[What you need to do]:
Your job is to print, exactly, the lines in the data below from the line with "The red herring of Christian nationalism" through the line with "Ford RANGER Photo 28", both included, and to omit any picture.

[Entries provided]:
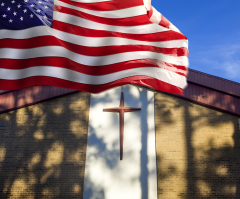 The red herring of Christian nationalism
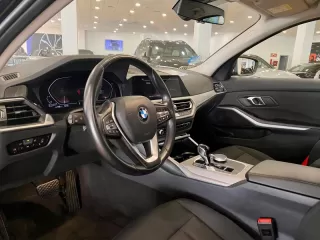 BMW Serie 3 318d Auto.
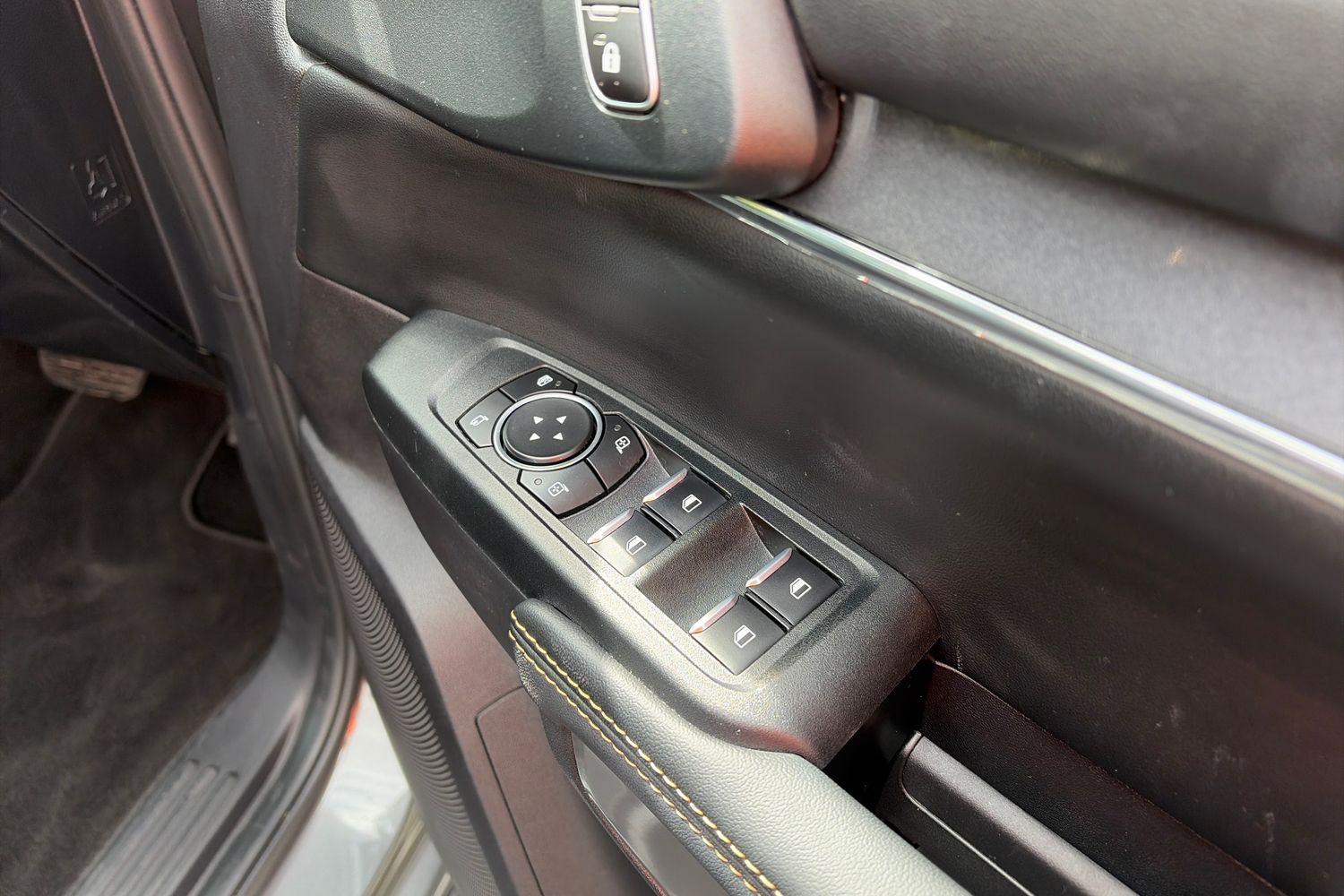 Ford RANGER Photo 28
...
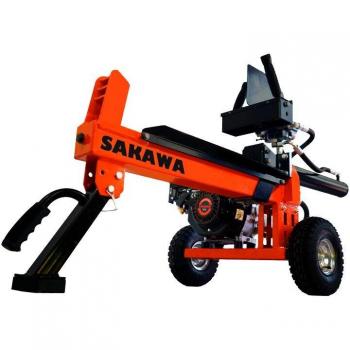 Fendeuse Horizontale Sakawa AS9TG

[Result]:
 The red herring of Christian nationalism
 BMW Serie 3 318d Auto.
 Ford RANGER Photo 28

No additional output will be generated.